## Amdahl’s Law and Price Elasticity

I have just noticed that Amdahl’s Law used in measuring processor performance is similar with the Price Elasticity Law (I read from the book “Starbucks (Corporations that Changed the World) – Marie Bussing-Burks”) in economic concepts.

The same principle is that there is a limit in increasing processing performance to get more throughput, or to rephrase it in business language: there is a limit in reducing price of an item to get more revenue.

Amdahl’s Law says that speedup is how a machine performs after enhancement. A SpeedUp(E) = Performance with E / Performance without E = Execution time without E / Execution time with E. Execution time = Execution time unaffected + (Execution time with E / Amount of improvement).

(Notes: Examples is taken from EL 2244 Course being taught at ITB this semester. The reference book is John L. Hennessy and  David A. Patterson , Computer Organization and Design: The Software Hardware Interface, Morgan Kaufmann Publishers, 4th Edition, 2009.)

Ex. 1:

A program runs in a machine in 10s. 50% of the time is doing multiplications. If we improve the multiplication unit so it runs twice as fast, how big is the speed up?

Exec_time(E) = (Affected_exec_time/improvement) + unaffected_exec_time

= (5s/2) + 5s = 7,5 s

Speed_up(E) = 10s/7,5s = 1,333  which is not 2 times faster

Ex. 2:

A program runs for 10s. 70% of the time is doing additions. How much improvement on the additions if we want to reduce the running time to 3s?

Exec_time(E) = (Affected_exec_time/improvement) + unaffected_exec_time

3s = (7s/n) + (10-7)s

3s = (7s/n) + 3s

0 = 7s/n

No amount of improvement can reduce the running time to 3s.

Now let’s see the Price Elasticity Law. Price Elasticity (E) = % change in quantity demand / % change in price.

Ex 1:

If we reduce the price of 36 inch TV from \$450 to \$400, the average price would be \$425. The absolute value of percentage change = \$50/\$425 = 0.118. Number of unit sold is increased from 200 to 300 so the average number of unit sold = 250.

So the percentage  of change in quantity demand is 100/250 x 100% = 40%.

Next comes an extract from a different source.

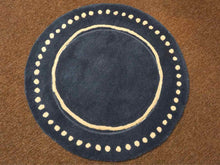 Safavieh Round Area Rug in Navy Blue & Ivory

The price elasticity = 0.4/0.118 = 3.39%

If the absolute value of price elasticity is between 0 – 0.99, demand is inelastic. Necessity items like coffee, milk, gasoline, prescription drugs are tend to be relatively insensitive to price change.

Ex 2:

A store manager drops the price of a gallon of milk from \$4 to \$3. The average price will be \$3.5. The absolute value of % change = \$1/\$3.5 = 0.29

Milk sold going from 10 to 11. The average number of gallon sold = 10.5. Percent of change in quantity demand = 1/10.5 = 0.1.

Price elasticity = 0.1/0.29 = 0.34. The demand is inelastic.

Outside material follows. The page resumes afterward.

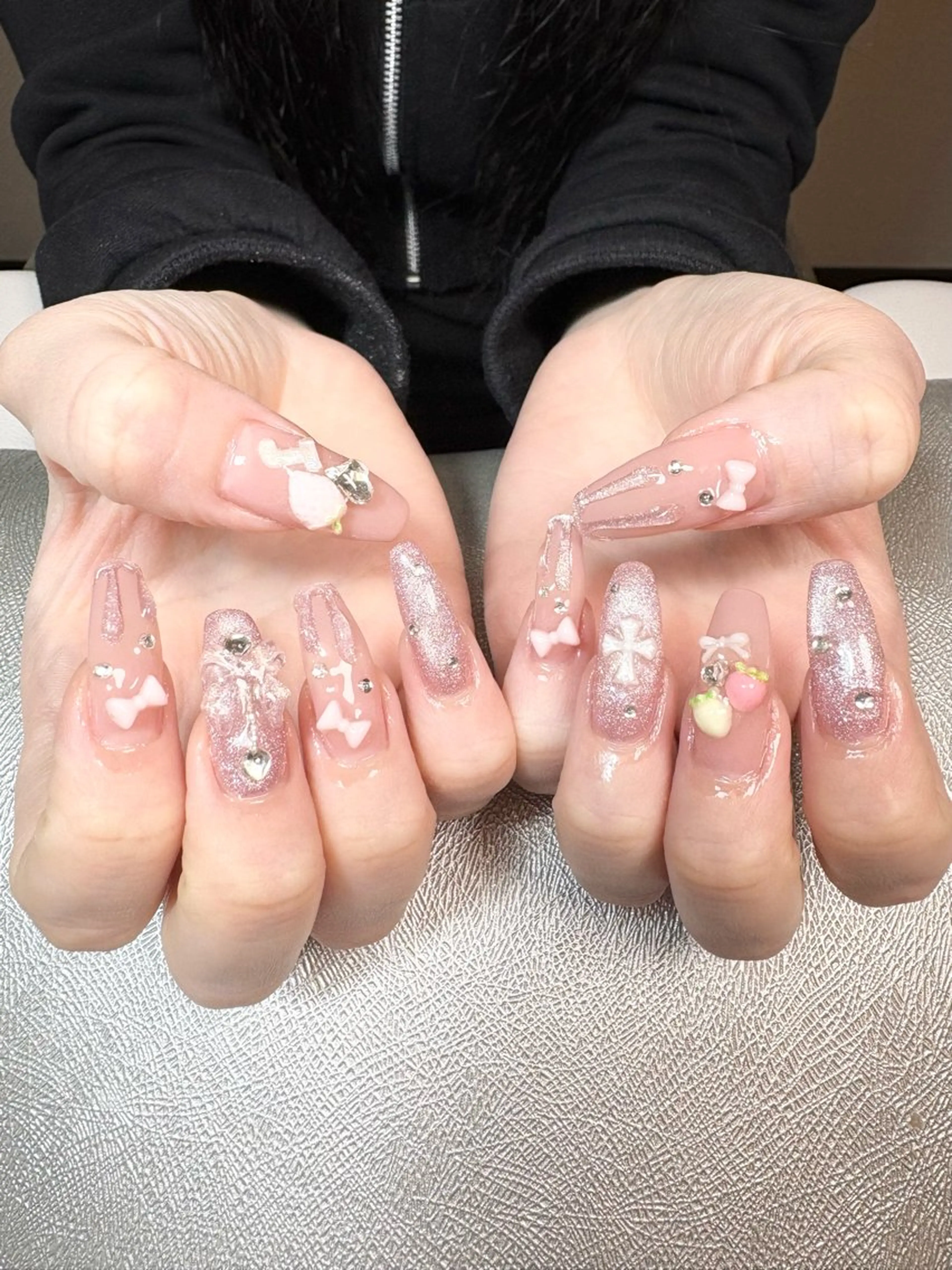 ネイル マグネットネイル リボン ハンドネイル ✨韓国✨nail salonLumieのネイルデザイン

So if demand is elastic, a price cut will increase total revenue (and an increase in price will mean lower total revenue). If we take Ex 1:

price x quantity = total revenue

\$450 x 200 = \$90,000

\$400 x 300 = \$120,000

While when demand is inelastic, a price cut will decrease total revenue. As in Ex 2:

\$4 x 10 = \$40

\$3 x 11 = \$33.

The conclusion is that in terms of machine performance and total revenue, there is a limit to get “improvement”. There is a certain point that we cannot further improve the speed of a machine as well as there is a certain point that we cannot change price to get more total revenue.